Stored data
=-=-=-=-=
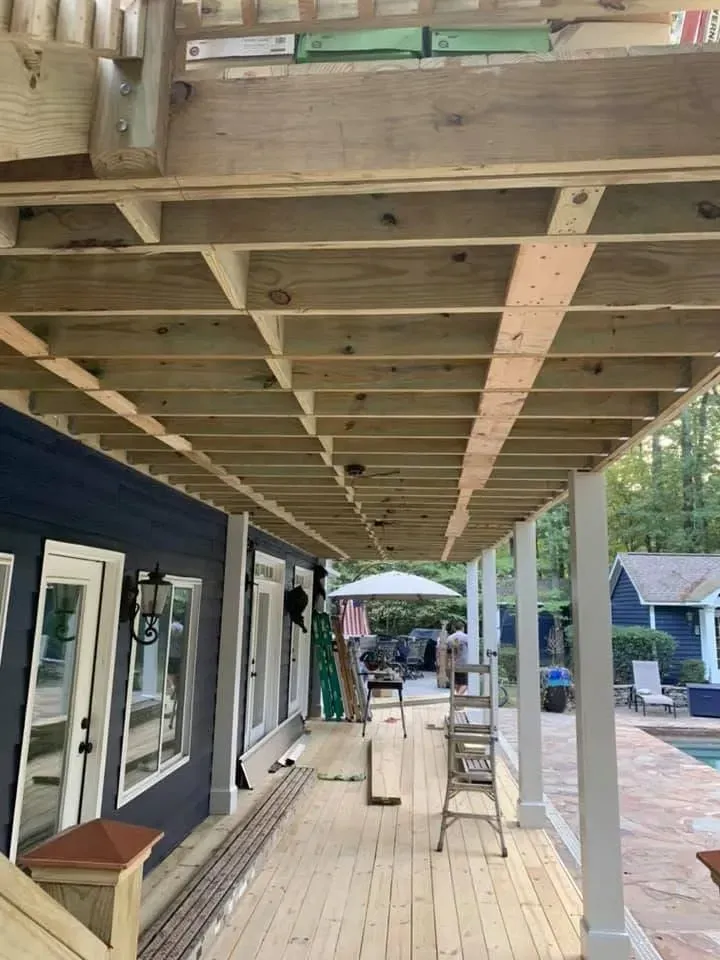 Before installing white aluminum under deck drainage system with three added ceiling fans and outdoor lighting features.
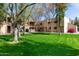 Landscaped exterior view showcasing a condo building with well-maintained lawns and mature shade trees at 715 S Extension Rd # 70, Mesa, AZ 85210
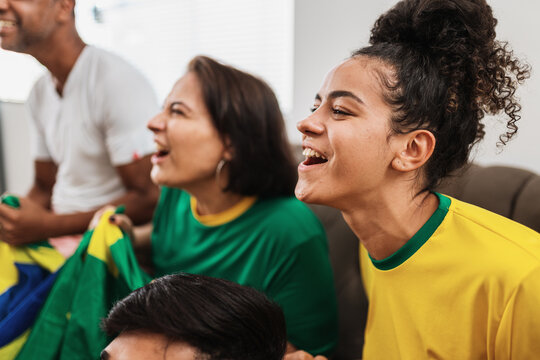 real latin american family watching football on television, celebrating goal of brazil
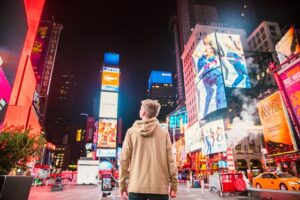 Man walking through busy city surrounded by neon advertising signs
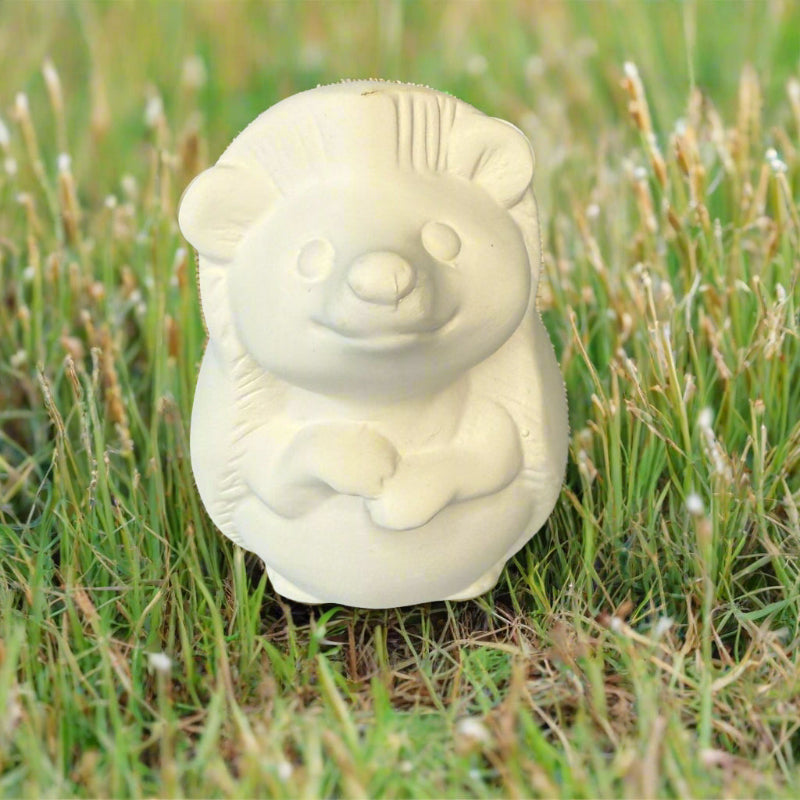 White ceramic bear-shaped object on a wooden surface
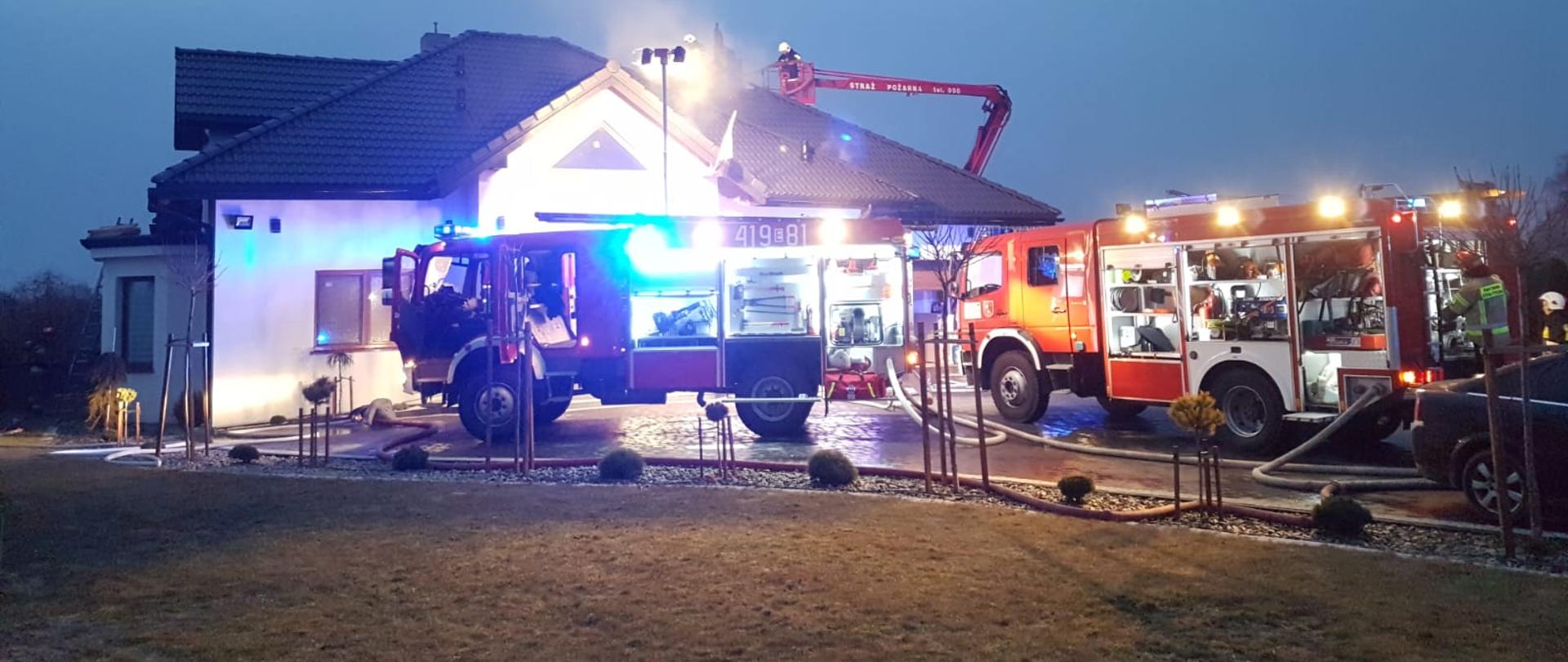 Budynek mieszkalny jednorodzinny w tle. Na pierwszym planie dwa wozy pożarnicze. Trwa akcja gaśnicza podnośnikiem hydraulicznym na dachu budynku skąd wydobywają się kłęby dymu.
=-=-=-=-=
### ACTIVITY
Leaving the images out, return every record exactly.

### RESPONSE AREA
 Before installing white aluminum under deck drainage system with three added ceiling fans and outdoor lighting features.
 Landscaped exterior view showcasing a condo building with well-maintained lawns and mature shade trees at 715 S Extension Rd # 70, Mesa, AZ 85210
 real latin american family watching football on television, celebrating goal of brazil
 Man walking through busy city surrounded by neon advertising signs
 White ceramic bear-shaped object on a wooden surface
 Budynek mieszkalny jednorodzinny w tle. Na pierwszym planie dwa wozy pożarnicze. Trwa akcja gaśnicza podnośnikiem hydraulicznym na dachu budynku skąd wydobywają się kłęby dymu.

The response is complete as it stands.